Democratic centralism is the mandatory constitutional principle that structures the state's division of labour. Rather than a separate concept, the division of labour is the specialized administrative mechanism through which democratic centralism and unified power achieve their goals of democratic legitimacy and effective governance. In China, for instance, this principle is explicitly codified as the foundation of state institutions. Consequently, any organ established by the constitution is bound by its norms—an enforcement mechanism known as forced convergence. This political constraint structurally compels the system to define a division of labour for all specialized organs. Thus, democratic centralism is not merely a statement of unified leadership; it is the source of the organizational rules governing the relationship between superior and subordinate state organs.
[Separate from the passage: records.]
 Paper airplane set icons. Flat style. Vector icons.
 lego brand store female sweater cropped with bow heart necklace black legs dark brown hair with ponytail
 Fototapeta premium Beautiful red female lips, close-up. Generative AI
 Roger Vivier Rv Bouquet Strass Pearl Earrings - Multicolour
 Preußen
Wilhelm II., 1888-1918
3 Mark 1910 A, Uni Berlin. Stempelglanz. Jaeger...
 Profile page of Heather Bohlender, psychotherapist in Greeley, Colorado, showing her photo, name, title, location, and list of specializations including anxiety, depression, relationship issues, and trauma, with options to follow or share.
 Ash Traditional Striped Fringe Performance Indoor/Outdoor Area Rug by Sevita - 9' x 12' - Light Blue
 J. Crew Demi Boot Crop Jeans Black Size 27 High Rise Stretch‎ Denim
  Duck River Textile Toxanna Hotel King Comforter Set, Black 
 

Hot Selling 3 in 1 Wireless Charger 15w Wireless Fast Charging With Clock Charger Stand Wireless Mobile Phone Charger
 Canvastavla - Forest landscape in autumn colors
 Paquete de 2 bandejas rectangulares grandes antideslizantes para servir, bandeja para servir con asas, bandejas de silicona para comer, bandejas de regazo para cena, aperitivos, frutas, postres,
The constitutional division of labour serves the dual objectives inherent in democratic centralism. The need for effective governance drives the creation of specialized organs, mandating that each one maximize its performance through professional specialization (e.g., the executive organ focusing on administration). Simultaneously, democratic centralism mandates institutional coupling, which requires these specialized organs to coordinate their efforts. From the communist perspective, this prevents specialization from leading to administrative chaos and ensures the strong synergy needed to manage a complex state. This interaction is formalized through a system of adjacent norms that regulate the balance between division, cooperation, and restraint. Cooperation is achieved through mechanisms like one organ requesting assistance from a more competent peer, while restraint is enforced through authoritative professional standards that prevent infringement on a specialized function, such as the exclusive procuratorial powers of the supreme procuratorial organ. Ultimately, the aim of this framework is to ensure that specialization reinforces, rather than undermines, the unified political will enforced by democratic centralism.